533 When Will We Be Committed to Crossing Critical Temperature Thresholds?

Tuesday, 9 January 2018
Exhibit Hall 3 (ACC) (Austin, Texas)
Cristian Proistosescu, Univ. of Washington, Seattle, WA; and K. Armour, G. H. Roe, and P. Huybers

The zero-emissions climate commitment is a key metric for science and policy. It is the future warming we face given only to-date emissions, independent of future human influence on climate. Assuming a sudden cessation of emissions, future global temperature change depends on (i) the atmospheric lifetimes of aerosols and greenhouse gases (GHGs), and (ii) the physical climate response to radiative forcing (Armour and Roe 2011). The cooling effect of aerosols diminishes within weeks; GHG concentrations get drawn down on timescales ranging from months to millennia; and ocean heat uptake diminishes as climate equilibrates with the residual CO2 forcing. Whether global temperature increases, stays stable, or declines following emission cessation depends on these competing factors. There is substantial uncertainty in the zero-emissions commitment due to a combination of (i) correlated uncertainties in aerosol radiative forcing and climate sensitivity, (ii) uncertainty in the atmospheric lifetime of CO2, and (iii) uncertainty in how climate sensitivity will evolve in the future.

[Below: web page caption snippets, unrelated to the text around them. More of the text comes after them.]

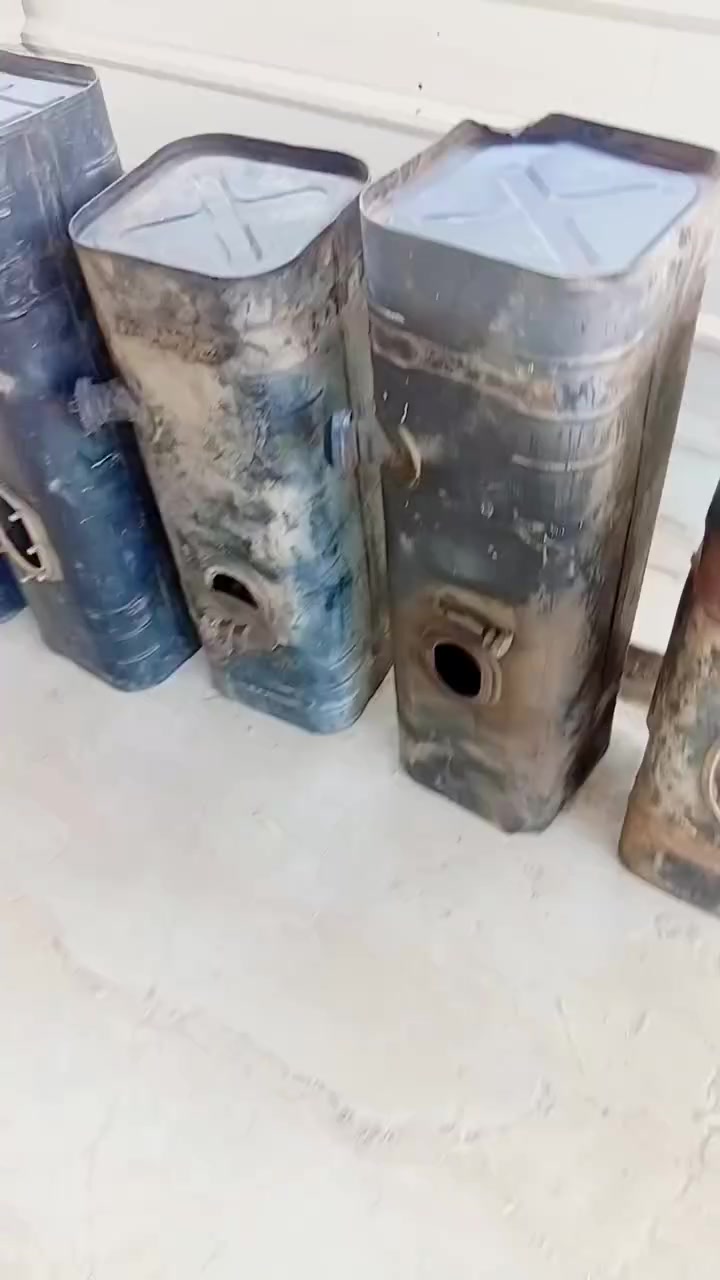 ***********
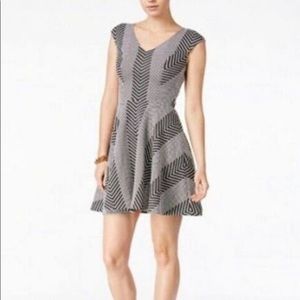 Bar III dress xxs black and white patterned dress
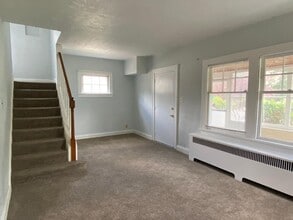 670 McKinley St in Bedford, OH - Building Photo - Building Photo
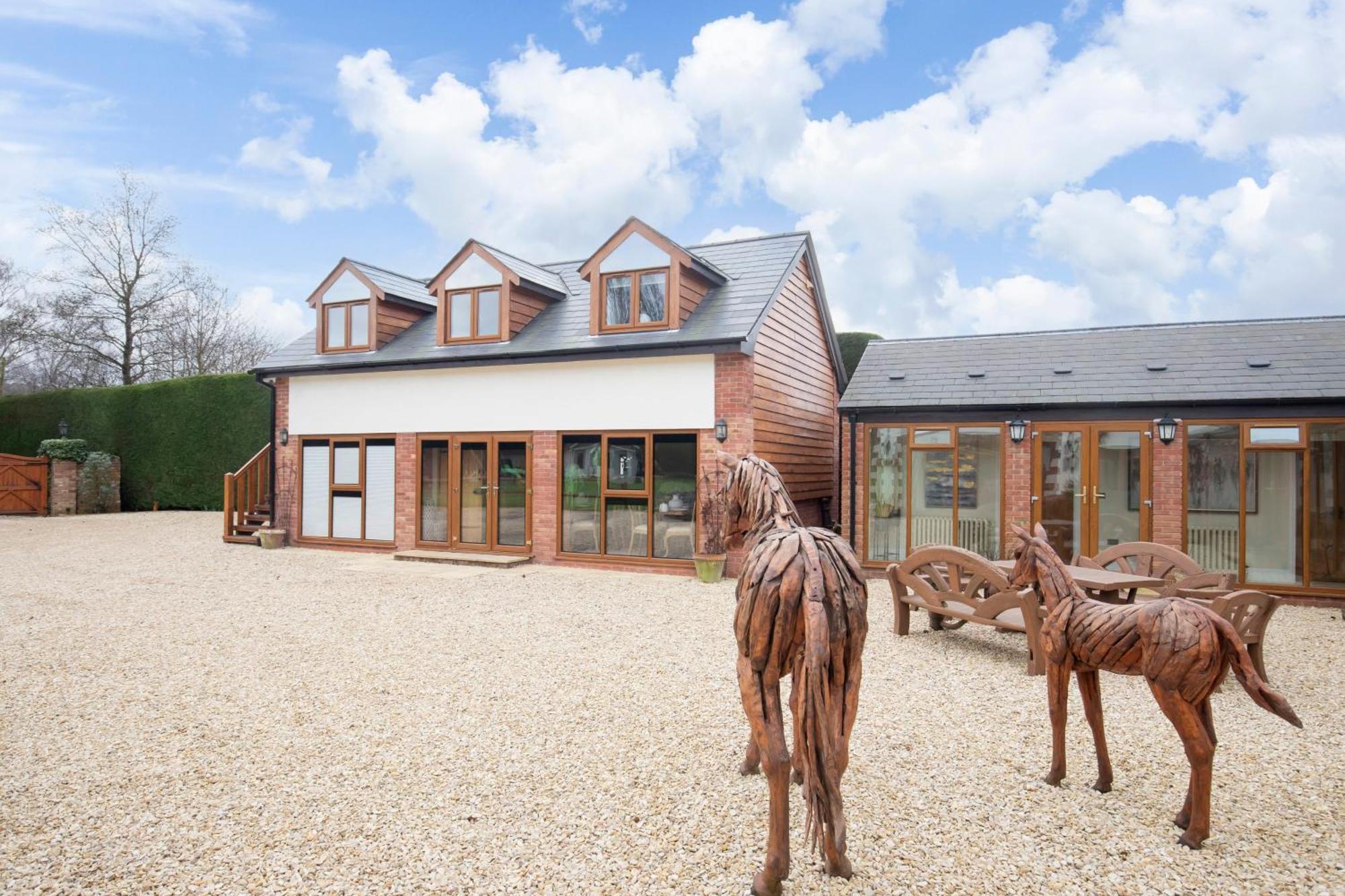 Shurdington Stable Lodge - Boutique Bed & Breakfast المظهر الخارجي الصورة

Here we quantify climate commitment in a Bayesian framework of an idealized model constrained by observations of global warming and energy imbalance, combined with estimates of global radiative forcing. At present, our committed warming is 1.2°C (median), with a ~25% chance that it already exceeds 1.5°C and a ~5% chance that it exceeds 2°C; the range comes primarily from uncertainty in the degree to which aerosols currently mask GHG forcing. We further quantify how climate commitment, and its uncertainty, changes with emissions scenario and over time. Under high emissions (RCP8.5), we will reach a >50% risk of a 2°C zero-emission climate commitment by the year 2035, about two decades before that temperature would be reached if emissions continued unabated. Committed warming is substantially reduced for lower-emissions scenarios, depending on the mix of aerosol and GHG mitigation. For the next few decades the primary uncertainty in climate commitment comes from correlated uncertainties in aerosol forcing and climate sensitivity; later in the century it comes from uncertainties in the carbon cycle (setting the lifetime and residual concentration of CO2) and in how climate sensitivity changes over time.